Classics Book Club: Silence of the Girls

Ancient History student – and resident book expert – William Rigby talks us through Pat Barker’s phenomenal 2018 retelling of the Trojan War. You can follow his reading adventures over on Instagram at @rigby_reads!

The Silence of the Girls, written by Pat Barker in 2018, is set in the mythological world of Homer’s Iliad. Homer’s Iliad is a setting where male aggression and power struggles take centre stage. 10 long years of siege, countless dead on both sides, sons, brothers, fathers, husbands, all killed in the name of a single King’s desire for his wife to be returned to him and for his honour to be restored. It is a setting in which ancient heroes were brought to life. Familiar figures like Achilles, Odysseus, Agamemnon all fight to achieve kleos, everlasting glory. In this setting, their actions are heroic, brave and courageous. And their feats are echoed throughout history forever. Achilles fulfil his prophecy, and he is still revered as one of the greatest fighters of all time. Odysseus achieves his nostos, his homecoming. And Agamemnon successfully sacks the city of Troy.

However, you may notice a glaring omission from this description. There are no women. This is a world where male fantasy is given higher priority over female reality. A quote from The Silence of The Girls clearly shows a female’s place in this world:

‘Silence becomes a woman’

This deeply misogynistic rhetoric is commonplace in this world. Their voices are never consulted in the original text, their actions are unnoticed, and their position is often seen as an item. An accessory to a man’s entourage of baubles and titles.

Barker takes up the important and eye-opening task of giving a voice to the voiceless. The Silence of the Girls serves as a feminist retelling of these ancient stories. This refreshing female perspective allows its audience to try and imagine the experiences that women went through on a daily basis inside the Greek camp.
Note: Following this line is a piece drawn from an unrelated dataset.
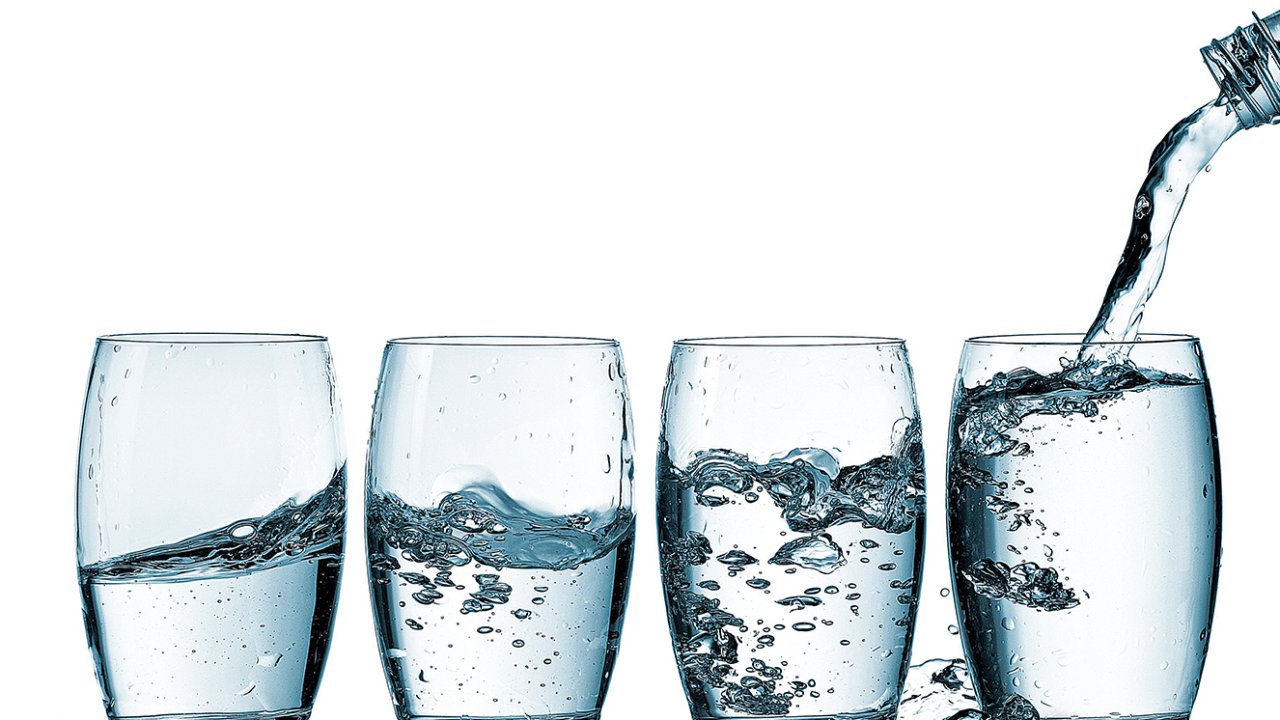 porque agua gelada faz mal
Barker’s Briseis is a tenacious and complex character. Her life as a slave to Achilles and then to Agamemnon and then back to Achilles is a stark reminder of the reality of ancient warfare. Too often are we told of the heroics, stratagems and feats, but not nearly enough are we reminded of the gritty reality of war. Unfortunately, while unique in her own rights, Briseis’s experiences are far too common a fate.

There is a specific line in this book that encapsulates this divide between fantasy and reality. It takes place when King Priam begs Achilles for the body of his dead son, Hector, to be returned. On his knees, he declares:

“I do what no man before me has ever done, I kiss the hands of the man who killed my son.”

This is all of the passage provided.